On-chip dual-microcomb based fiber-optic acoustic mapper

Abstract Sense of hearing is a fairly basic but extraordinary feature in nature. It involves a complicated interplay of multi-dimensional signal detection, transmission, and analysis to fully accomplish acoustic detection, orientation, localization and recognition. Conventional design of a listening system typically necessitates numerous hardware components and intricate software interactions. Here, by assembling stabilized dual-microcombs, passive optical elements, optoelectronic photodetectors, electronic processors all-on-chip along with a fiber optic microphone array, we present an integrated optic-acoustic sensing and localization system that demonstrates coherent parallelism and compact integration. Our study establishes a paradigm in which an integrated soliton microcomb can simultaneously drive and demodulate networking sensors, thus overcoming the technological gaps between silicon-based photonics and fiber optic sensing technology.

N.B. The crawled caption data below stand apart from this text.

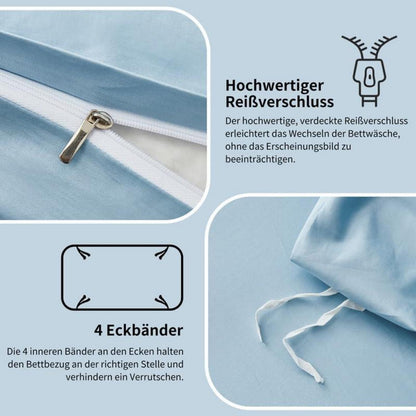 Mako Satin Bettwäsche Set 220x240 Hellblau Baumwolle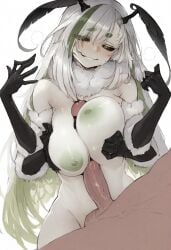 4_arms ai_generated ai_penis anthro big_breasts black_sclera black_tongue breasts civitai double_paizuri female green_eyes insect_girl juniper_(egocider) juniper_actias long_penis male moth moth_girl outercourse paizumaster69 paizuri penis penis_between_breasts pov straight titjob very_long_penis vtuber white_hair white_skin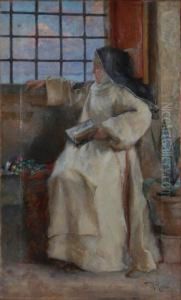 Interno Con Suora by Virgilio Ripari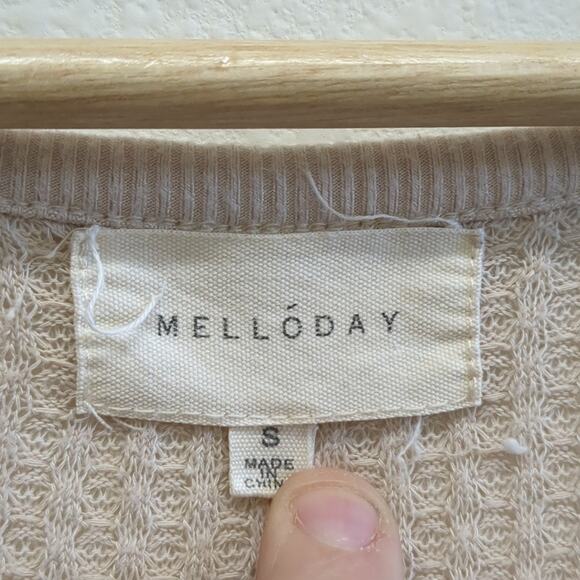 Melloday cream colored rayon blend Henley shirt size Small - Picture 3 of 6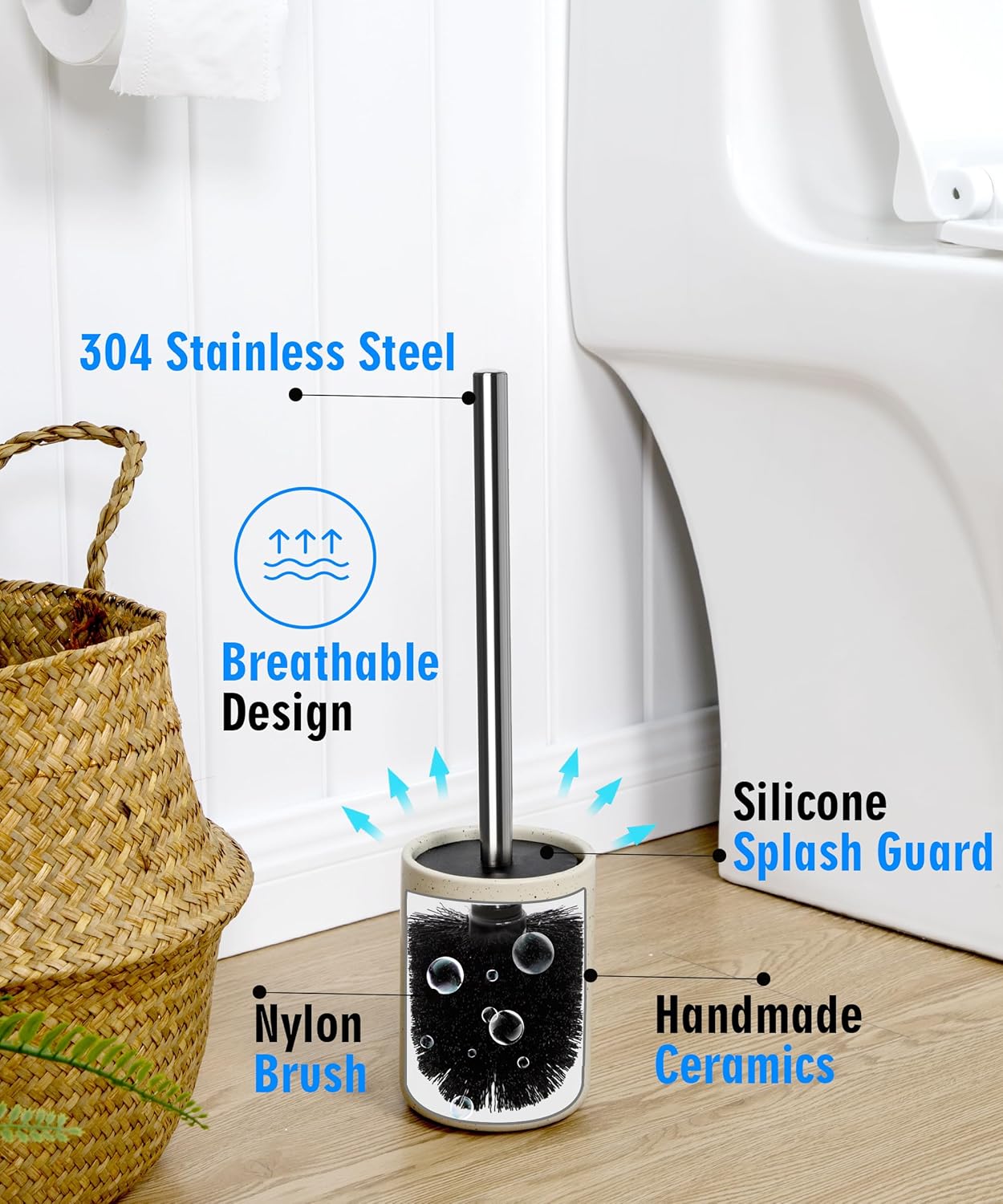 Viosuniu Ceramic Toilet Brush and Holder Set 2 Pack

Utilizing two microcomb chips as the core, we boast sensitive optical acoustic detection, precise acoustic localization, and swift acoustic tracing capabilities together. Leveraging the unique advantages of soliton microcombs especially low noise and multi-channel outputs, we achieve a minimum detectable acoustic pressure of 0.79 μPa/Hz^(1/2) and a localization error of less than 1 cm. We further demonstrate its efficacy by detecting, tracking and identifying different targets such as a small drone in a field setting. Such a fusion of dual-comb technology and sensor-networking scheme could be a significant step towards the design of future listening systems.